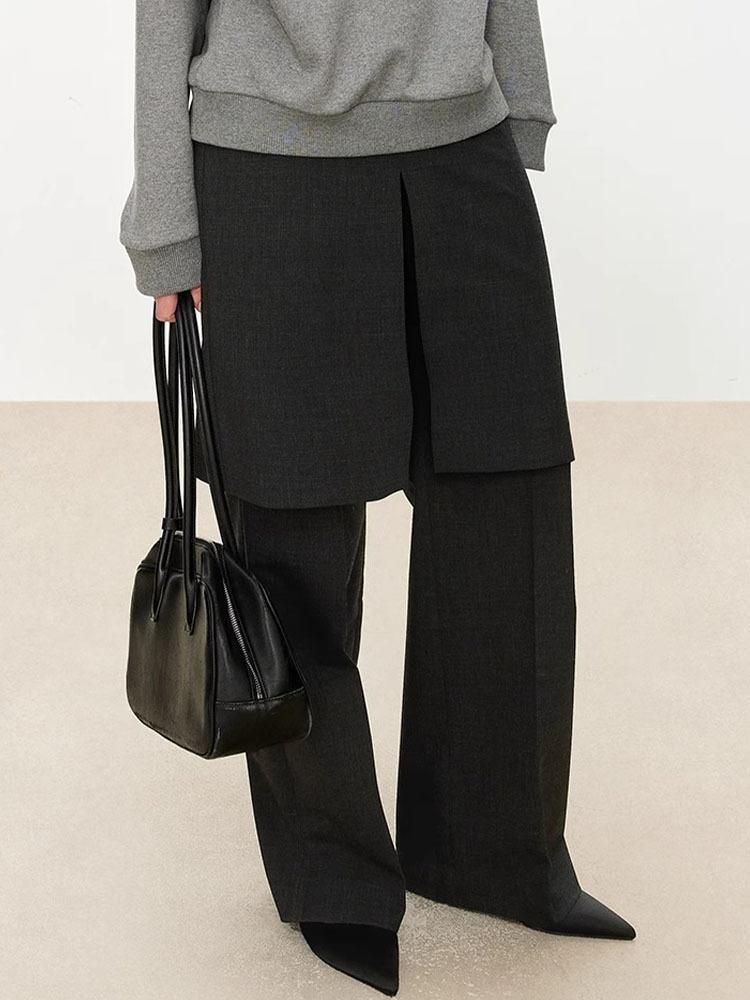 ALPT001Skort-Pants Faux Two-Piece Design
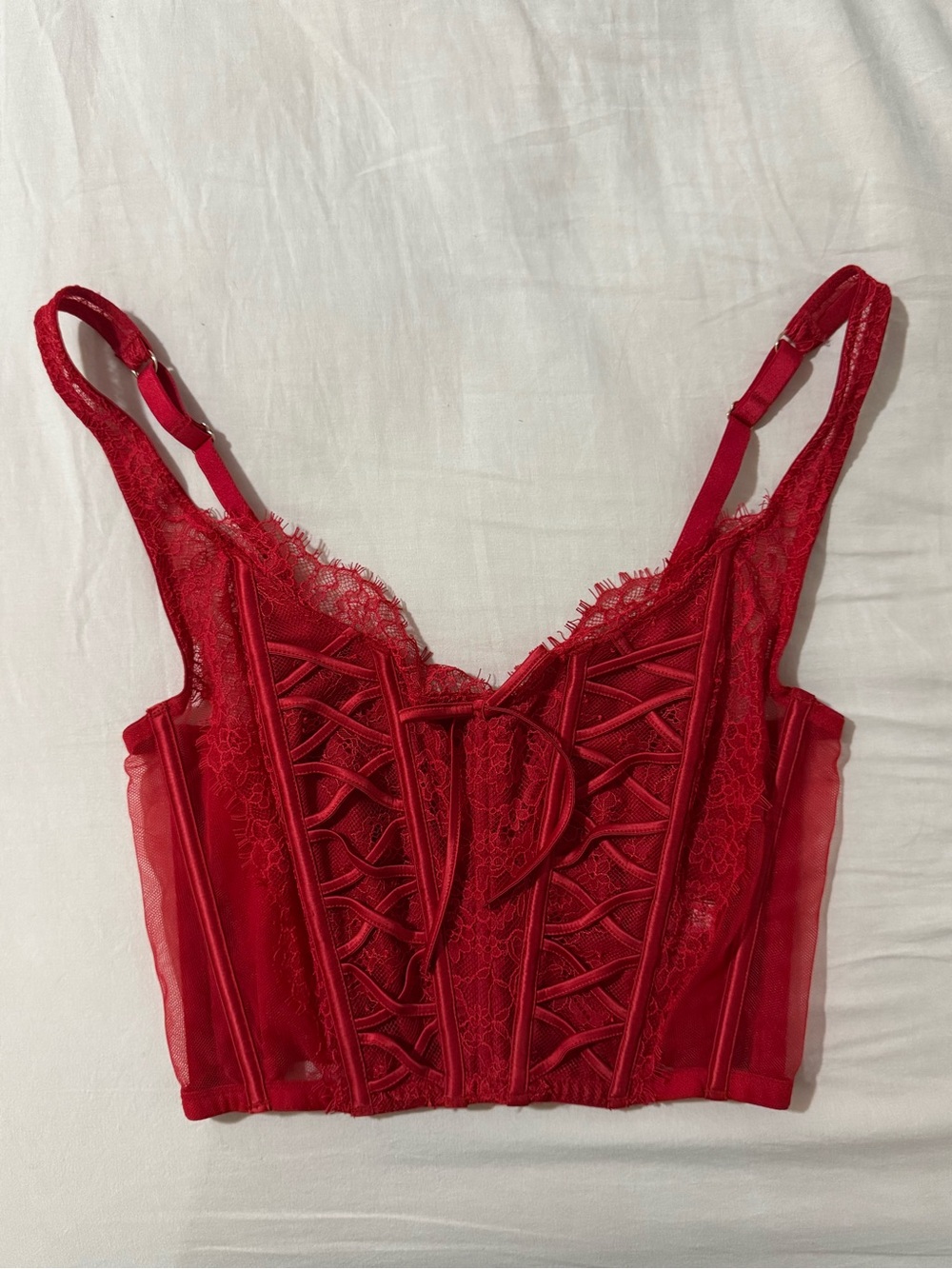 Victoria's Secret Red Lace Corset Top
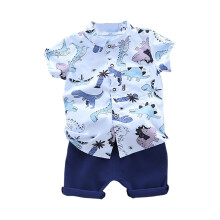 Summer Thin Cartoon Dinosaur Series Shorts Short Sleeve Two Piece Set For 3-4 Years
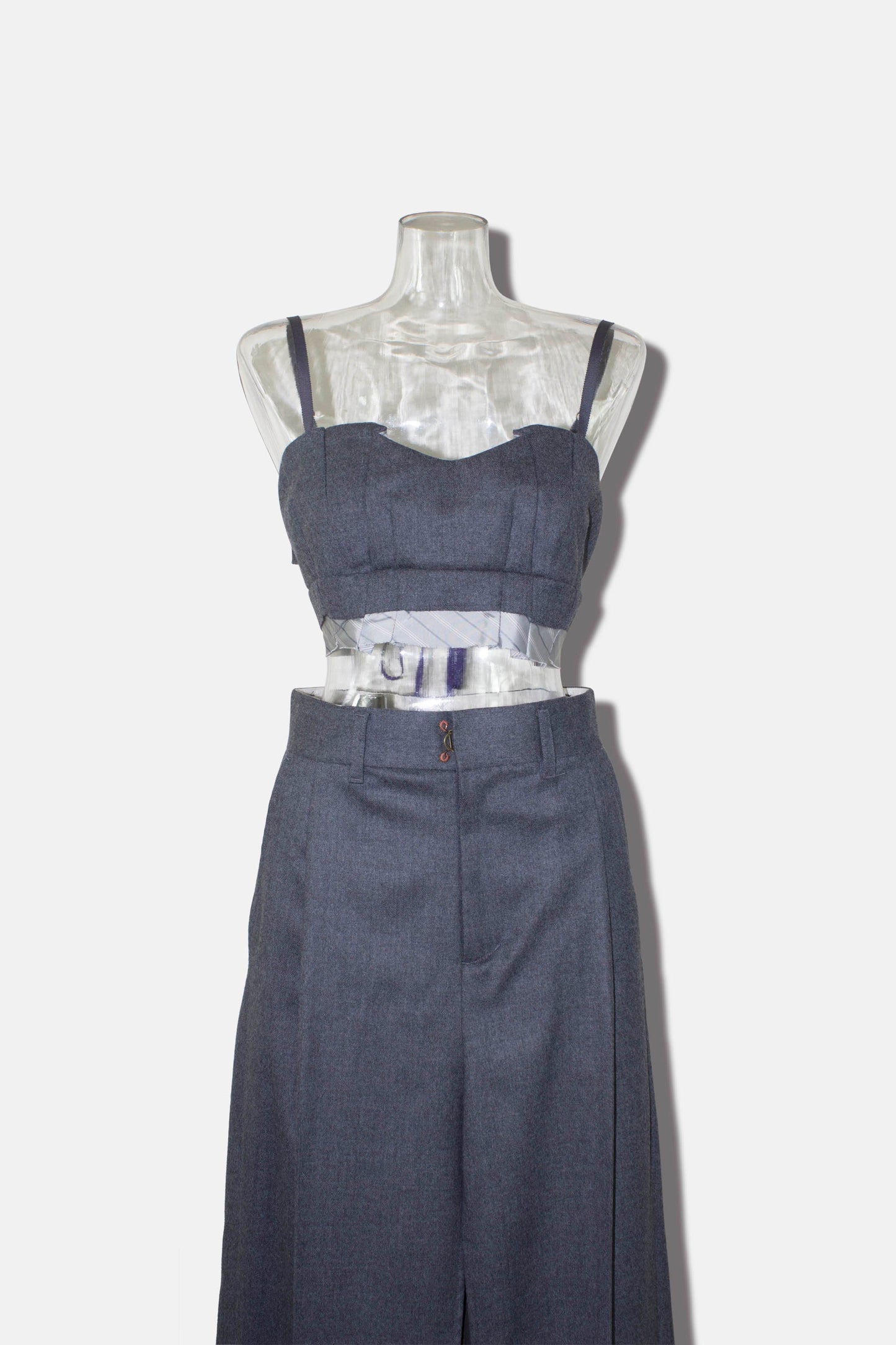 tacked wool bustier / gray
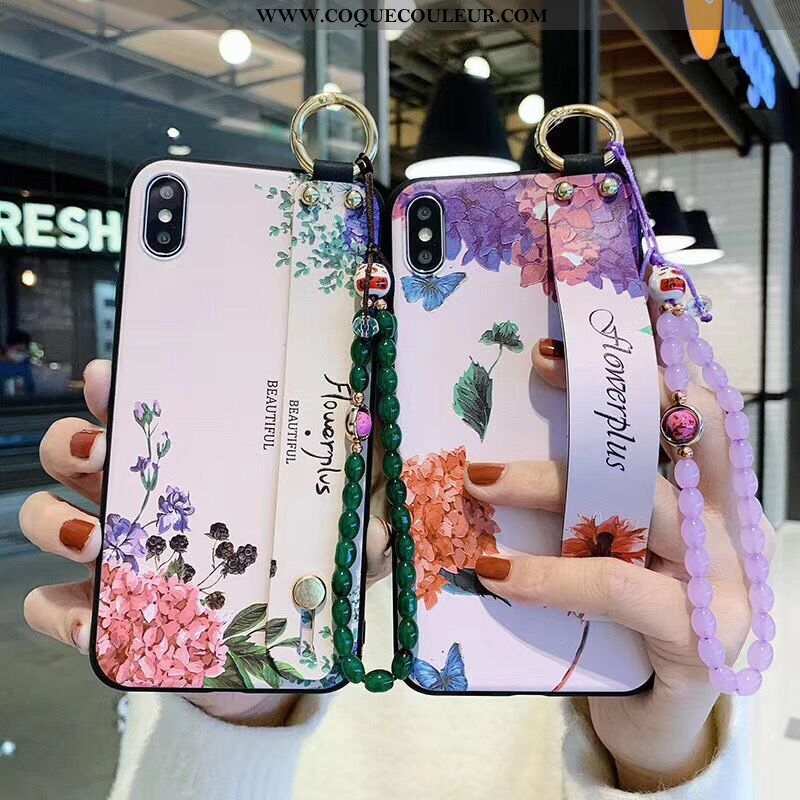 Étui iPhone Xs Protection Fleurs Bracelet, Coque iPhone Xs Vintage Style Chinois Violet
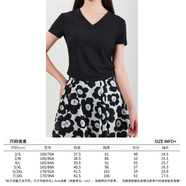 哥弟（GIRDEAR）女裝T恤衫上衣V領(lǐng)短袖T恤夏季穿搭夏裝半袖夏裝1300888 黑色 * L (4碼)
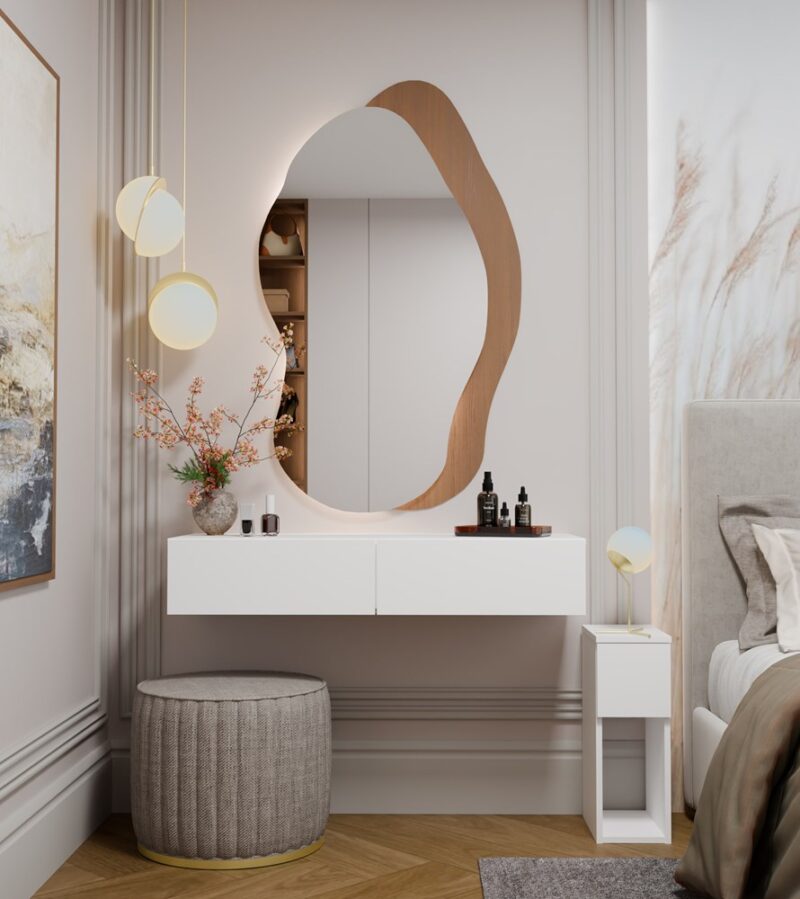 modern wall mounted dressing table Amazon.com: Dresser Modern Wall-Mounted Dressing Table Makeup Table Simple  Bedroom Hanging Dressing Table, Space Saving, Beige Dresser for Bedroom EAN  EAN, 140 * 60 * 7cm : Home & Kitchen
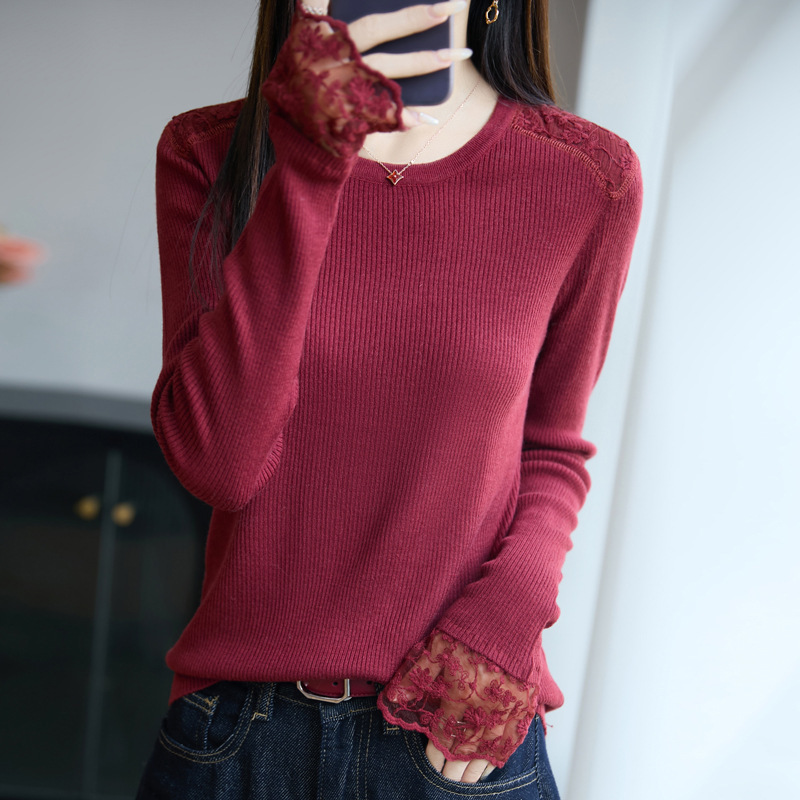 法式蕾丝钩花miu系针织衫女圆领修身毛衣25新款内搭女装打底上衣|undefined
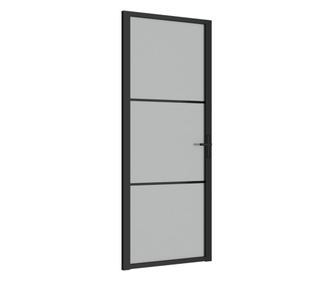 fekete matt üveg és alumínium beltéri ajtó 83 x 201,5 cm
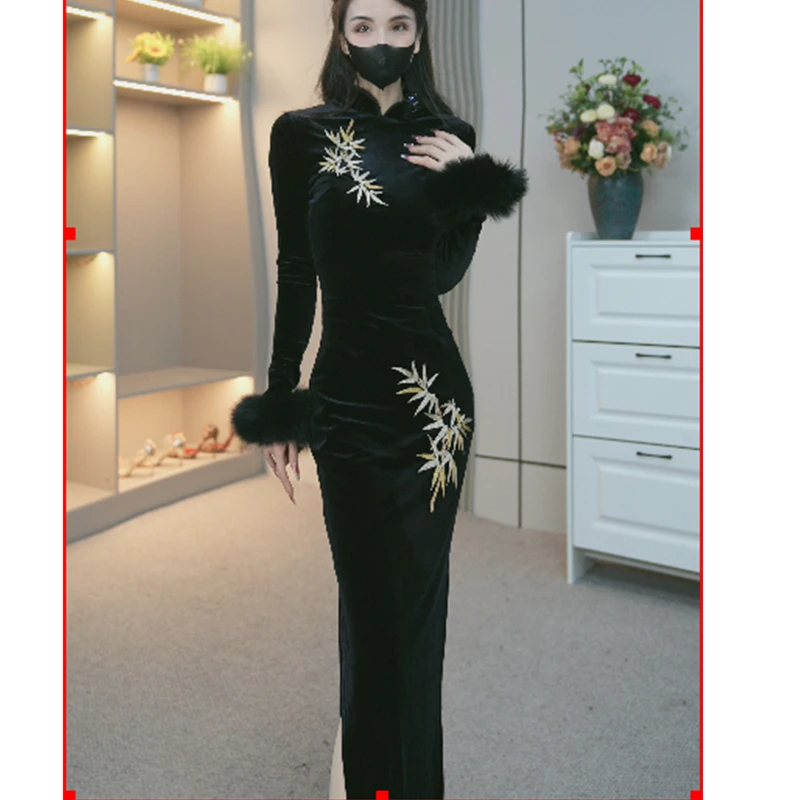 复古风2024冬季新款新中式高级感超气质毛毛袖旗袍裙9301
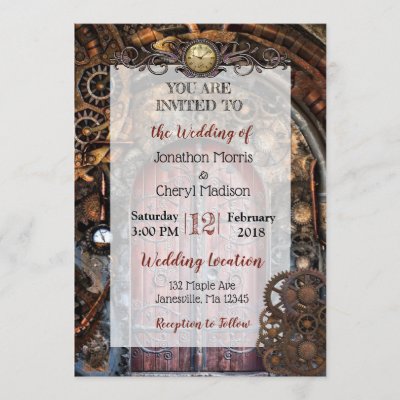 Steampunk Pocket watch Wedding Invitations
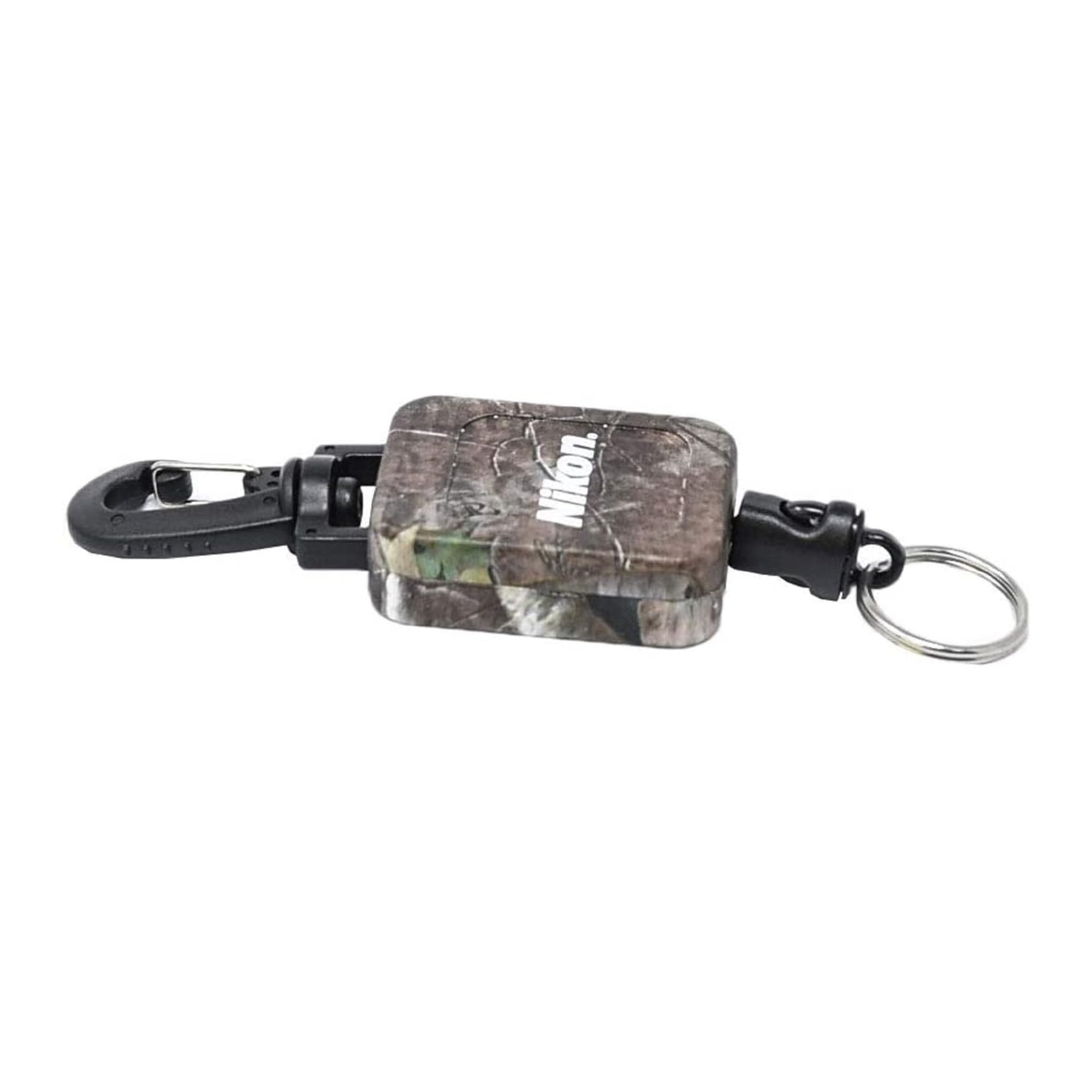 Nikon Kanati camo tether attached to rangefinder in Realtree setting.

TASK BRIEF: A verbatim transcription of the records, pictures excluded, is the required output.

EXERCISE ANSWER:
 ALPT001Skort-Pants Faux Two-Piece Design
 Victoria's Secret Red Lace Corset Top
 Summer Thin Cartoon Dinosaur Series Shorts Short Sleeve Two Piece Set For 3-4 Years
 tacked wool bustier / gray
 Étui iPhone Xs Protection Fleurs Bracelet, Coque iPhone Xs Vintage Style Chinois Violet
 哥弟（GIRDEAR）女裝T恤衫上衣V領(lǐng)短袖T恤夏季穿搭夏裝半袖夏裝1300888 黑色 * L (4碼)
 modern wall mounted dressing table Amazon.com: Dresser Modern Wall-Mounted Dressing Table Makeup Table Simple  Bedroom Hanging Dressing Table, Space Saving, Beige Dresser for Bedroom EAN  EAN, 140 * 60 * 7cm : Home & Kitchen
 法式蕾丝钩花miu系针织衫女圆领修身毛衣25新款内搭女装打底上衣|undefined
 fekete matt üveg és alumínium beltéri ajtó 83 x 201,5 cm
 复古风2024冬季新款新中式高级感超气质毛毛袖旗袍裙9301
 Steampunk Pocket watch Wedding Invitations
 Nikon Kanati camo tether attached to rangefinder in Realtree setting.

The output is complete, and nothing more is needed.